New Analysis Reveals Raspberry Robin Can be Repurposed by Other Threat Actors


Jan 11, 2023Ravie LakshmananCyber Threat / Malware

Raspberry Robin

A new analysis of Raspberry Robin’s attack infrastructure has revealed that it’s possible for other threat actors to repurpose the infections for their own malicious activities, making it an even more potent threat.

Raspberry Robin (aka QNAP worm), attributed to a threat actor dubbed DEV-0856, is malware that has increasingly come under the radar for being used in attacks aimed at finance, government, insurance, and telecom entities.

Given its use multiple threat actors to drop a wide range of payloads such as SocGholish, Bumblebee, TrueBot, IcedID, and LockBit ransomware, it’s suspected to be a pay-per-install (PPI) botnet capable of serving next-stage payloads.

Raspberry Robin, notably, employs infected USB drives as a propagation mechanism and leverages breached QNAP network-attached storage (NAS) devices as first-level command-and-control (C2).
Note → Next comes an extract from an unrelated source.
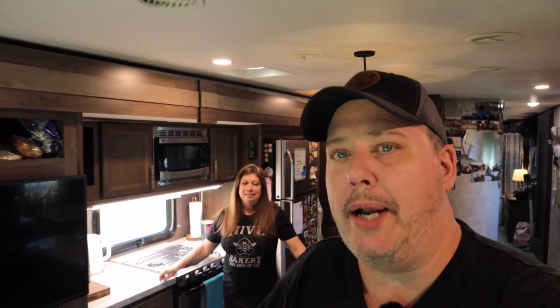You can also create a homey environment by including things such as scented candles, accent lighting, flowers, blankets, comforters, and of course everyone's favorite — throw pillows. You can never have enough pillows.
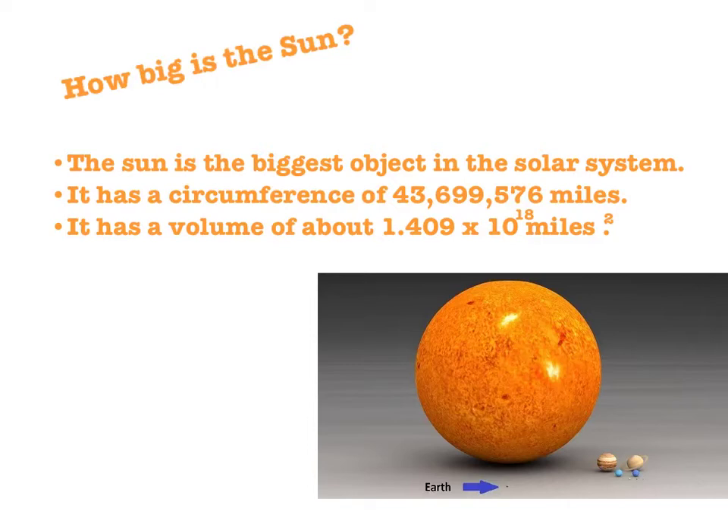How big is the Sun? The Sun is very big. In fact, it is the largest object in our solar system. It has a circumference of about 43,699,576 miles. It has a volume of about 1.409 times 10 to the power of 18 cubic miles. The Sun is so big that it could fit 109 Earths just around it.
Cybersecurity firm SEKOIA said it was able to identify at least eight virtual private servers (VPSs) hosted on Linode that function as a second C2 layer that likely act as forward proxies to the next as-yet-unknown tier.

Raspberry Robin
Raspberry Robin

“Each compromised QNAP seems to act as a validator and forwarder,” the France-based company said. “If the received request is valid, it is redirected to an upper level of infrastructure.”

The attack chain thus unfolds as follows: When a user inserts the USB drive and launches a Windows shortcut (.LNK) file, the msiexec utility is launched, which, in turn, downloads the main obfuscated Raspberry Robin payload from the QNAP instance.
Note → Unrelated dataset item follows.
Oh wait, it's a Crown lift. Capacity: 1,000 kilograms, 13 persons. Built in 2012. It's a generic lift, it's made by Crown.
This reliance on msiexec to send out HTTP requests to fetch the malware makes it possible to hijack such requests to download another rogue MSI payload either by DNS hijacking attacks or purchasing previously known domains after their expiration.

One such domain is tiua[.]uk, which was registered in the early days of the campaign in late July 2021 and used as a C2 between September 22, 2021, and November 30, 2022, when it was suspended by the .UK registry.

“By pointing this domain to our sinkhole, we were able to obtain telemetry from one of the first domains used by Raspberry Robin operators,” the company said, adding it observed…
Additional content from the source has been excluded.